Let’s imagine a hypothetical scenario where a new Steemit user was able to produce good quality content, upload it to the platform, and received author rewards totalling five dollars. Let’s also assume for simplicity that the author chooses the 100% SP (SP) payout ratio. The same logic applies for a user who chooses to be paid in 50% SBD, but the numbers become more difficult to demonstrate, so I'll stick to a simplified scenario. In this scenario the user would receive a total amount of SP equivalent to $5.
With a Steem price of $2.50, which is both convenient to work with, and a very close approximation to today’s price, this sees the author receive 2 SP in reward for their efforts.
Now let’s compare the outcomes we achieved above, with the outcomes the same author would have achieved had they posted their content on 9 March 2017, which is exactly one year prior to the date I wrote this article. On 9 March 2017, the Steem price was $0.08 US. For exactly the same post, earning five dollars in pool rewards, on 9 March 2017 the author would have received 62.5 SP. So, in a hypothetical scenario, for the same post, achieving exactly the same level of author rewards, today's author today receives 3.2% of the reward as measured in SP as they would have achieved 12 months ago.

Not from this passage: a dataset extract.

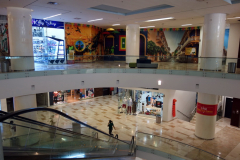 Plaza Bocagrande Centro Comercial, Cartagena.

It can be validly argued that this example is wrong because in March 2017, the author only received 50% of the post rewards, not the current 70%, therefore their payout was lower. To have included this would have overly complicated the calculations however, as it is the magnitude of the change, not the actual % change that I am attempting to highlight. As such I am comfortable that the example used serves it purpose.
To provide another example let’s look at what would have happened on 9 November 2017, which was approximately the time that I joined the platform. The price of Steem on 9 November 2017 was $0.96. Meaning that for a $5 post, posted on that day, you would have received 5.2 SP, which is approximately 2.6 times as much SP as you would receive today.
But wait you say! This is a ridiculous argument because the total amount of reward that I have received in real dollar terms has not changed. Whether I get 62.5 SP with Steem being worth $0.08 per coin or 2 SP with Steem being worth $2.50 per coin, I still receive a total amount of $5 in rewards. This is correct. What this does not consider however, is the rate at which new authors are able to accumulate SP.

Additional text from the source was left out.